[01h33] Ach ja, ich wollte noch von Aya schreiben.
Diese Woche war in mehrererlei Hinsicht „Generalprobe“ für die neuen Büroräume. Am Dienstag war Schlüsselübergabe und grobe Planung für Umzug und vorher zu erledigende Arbeiten.
Wir wollten dazu in unseren Räumen frühstücken, was aber nicht ging, da im kleinen Konfi-Raum eine Avid-Anlage aufgebaut war, wo Etagen-Nachbarn schnell einen Dokumentarfilm zusammenschnitten. Man hätte gerade soviel zu tun und so wenig Platz in den eigenen Räumen, ob es da nicht möglich wäre die nächsten Tage... Klar, kein Thema, Räume stehen noch paar Tage leer... Hey, wollt ihr nicht stattdessen bei uns frühstücken? Wir haben Kaffe, Tisch, Stühle und aufgedrehte Heizung.
Done Deal. Flexibilität, Improvisation, Freundlichkeit, was will man von Nachbarn mehr verlangen.
Unseren Flügel der Etage teilen wir mit Aya, die irgendetwas in Richtung Yoga-Kurse macht, und im übrigen die Frau oder Freundin eines unserer Vermieters ist.
Am Montag trafen wir Aya das erste Mal. Der Vorraum zu Ayas Praxis ist eine Gemeinschaftsküche, die ab 1ten Januar nicht mehr „Gemeinschaft“ ist, sondern ausschließlich zu Ayas Praxis gehört. Die Benutzung durch uns, geschieht nur auf dem Wege der „Kulanz“, solange bis vom Vermieter eine kleine Küche bei uns im Konfi eingebaut worden ist.

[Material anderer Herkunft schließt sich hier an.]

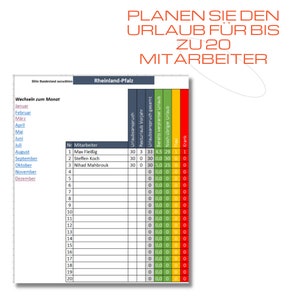 Vacation planner 2024 Excel template for 20 employees image 2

Jochen fragte ebenso vorsichtig wie umständlich an, ob man den gewissen Krempel vorübergehend in der Gemeinschaftsküche abstellen könnte, z.B. ein Mikrowellenherd. Jochens Rhetorik tänzelte minutenlang um den heißen Brei herum, Aya begriff aber schon nach drei Sekunden worauf es hinauslaufen sollte.
Aya ist ein Kopf größer als ihr Lebenspartner, hatte ein kleines Mützchen, bißchen wie eine Inka-Cap auf, ein grün-blaues Tuch um den Hals gewickelt und war in einer warmen Jacke eingehüllt. Sie hat asketische, harte Gesichtszüge und Augen wie ein Huskie: ohne dass die Augen weit aufgerissen wären, war die Iris in voller Größe zu sehen, eine leuchtend stahlgraue Iris mit einer kleinen, zentrierten Pupille.
Und während Jochen sich um Kopf und Kragen redete, war am Gesicht von Aya deutlich zu erkennen, dass sie Jochen nicht anschauen wollte, da sie sonst ihm mit ihren Augen die Rübe weglasern würde. Sie wusste zu gut was ein Mikrowellen-Gerät bedeuten würde. Yoga-Schülerinnen, denen Millionen von Gehirnzellen alleine beim Durchmarsch durch die Küche wegfrittiert werden würde. Bad Vibes. Stocks on Karma will fall. Chi für'n Arsch. Reinkarnation als Einzeller im Ganges. Und Verspannungen im Nacken
Sie machte das einzig richtige. Anstatt Jochen mit ihren Rasierklingen-Blicken den Schädel zu spalten, schaute sie ihren kleinen Lebensabschnittsgefährten an. Ein Blick der in der geheimen Codesprache der zwischenmenschlichen Beziehungen ungefähr sagte: „Stopf' ihm das Maul, oder ich laß dich die nächsten sechs Monate nicht mehr rauf auf mir“
„Ähh, eh, die Sache ist, hähäh, die...“ warf der Vermieter ein.
Mit solchen Augen wie die von Aya bekommt man bei Max Bahr sogar Farbe die beim ersten Anstrich deckt. Scary.